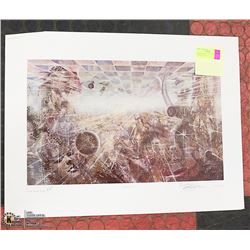 WHIPPLE PRINT  - BRAIN STORM SIGNED 19"X 12"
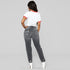 Ripped big hole fashion Jeans Women High Waist skinny pencil Denim Pants Elastic Stretch sexy slim fit gray Jeans women S-2XL - ROUTINE FASHION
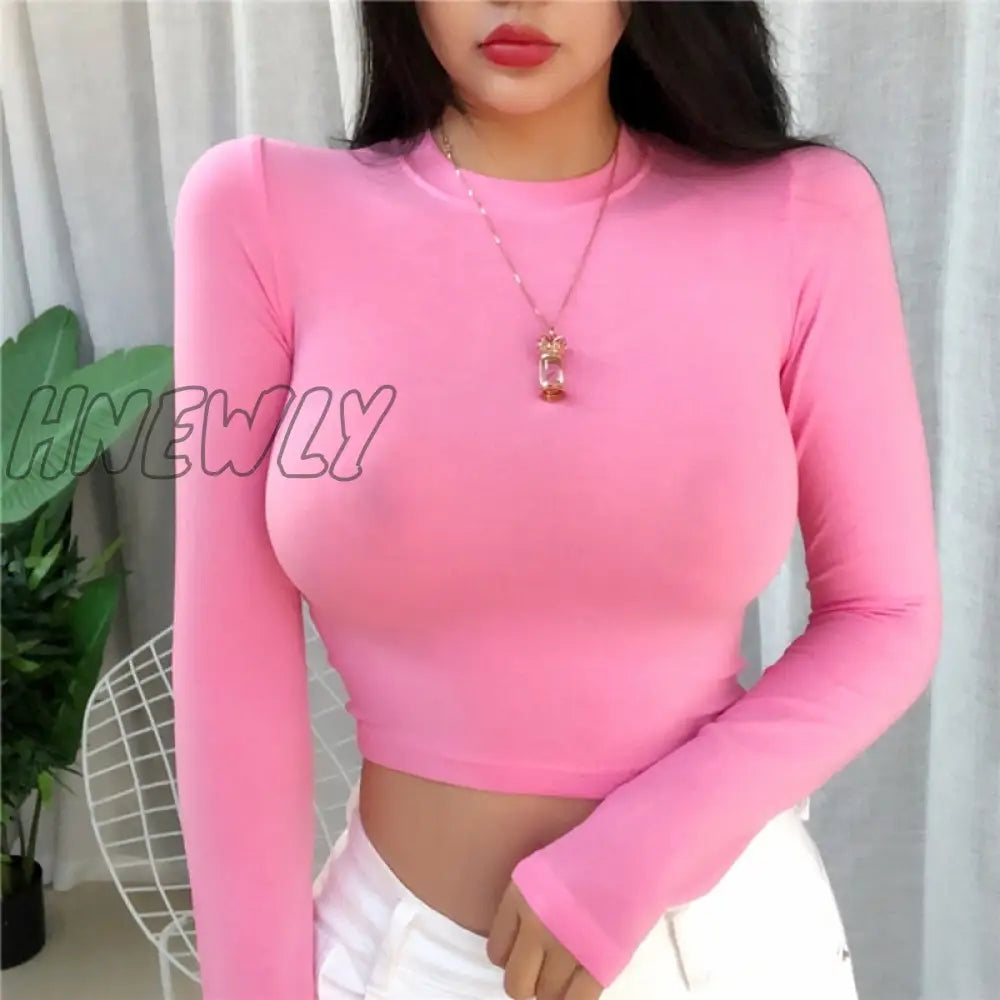 Hnewly New Short High Elasticity Sexy Slim Tank Top Women Clothes Summer Fall Womens Crop Casual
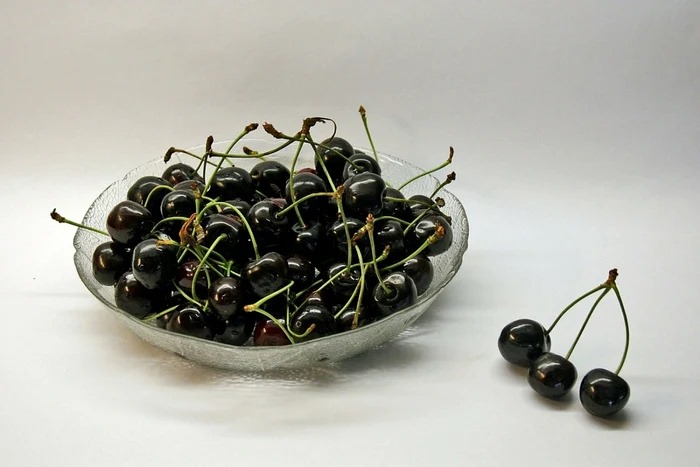 Bitter black cherries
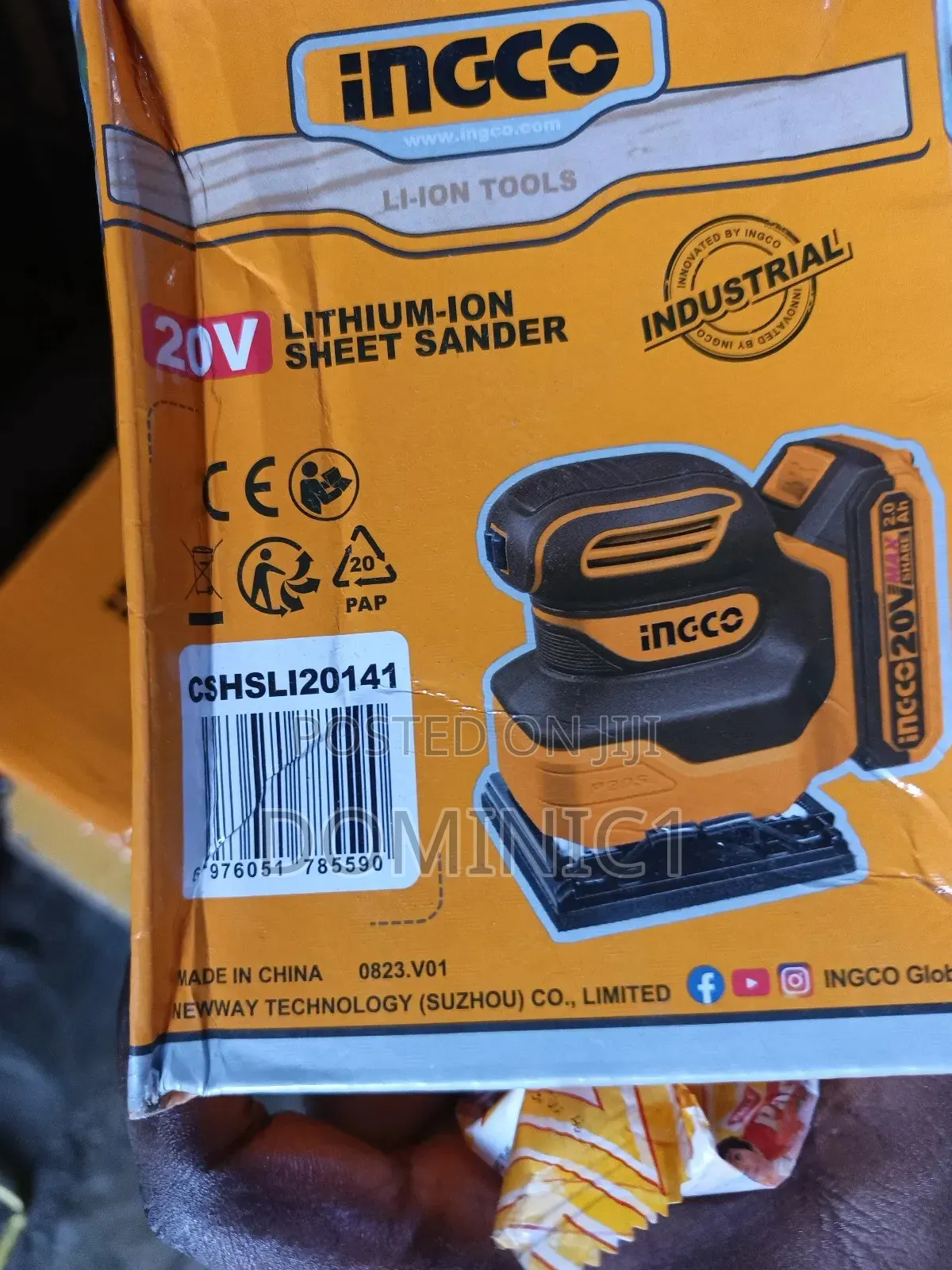 Ingco 20v Lithium-ion Sheet Sander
# # # # #
PROBLEM DESCRIPTION:
Return word for word the line bearing "Hnewly New Short" and every later line of the entries, but none of the pictures.

SOLUTION FOR THIS EXERCISE:
 Hnewly New Short High Elasticity Sexy Slim Tank Top Women Clothes Summer Fall Womens Crop Casual
 Bitter black cherries
 Ingco 20v Lithium-ion Sheet Sander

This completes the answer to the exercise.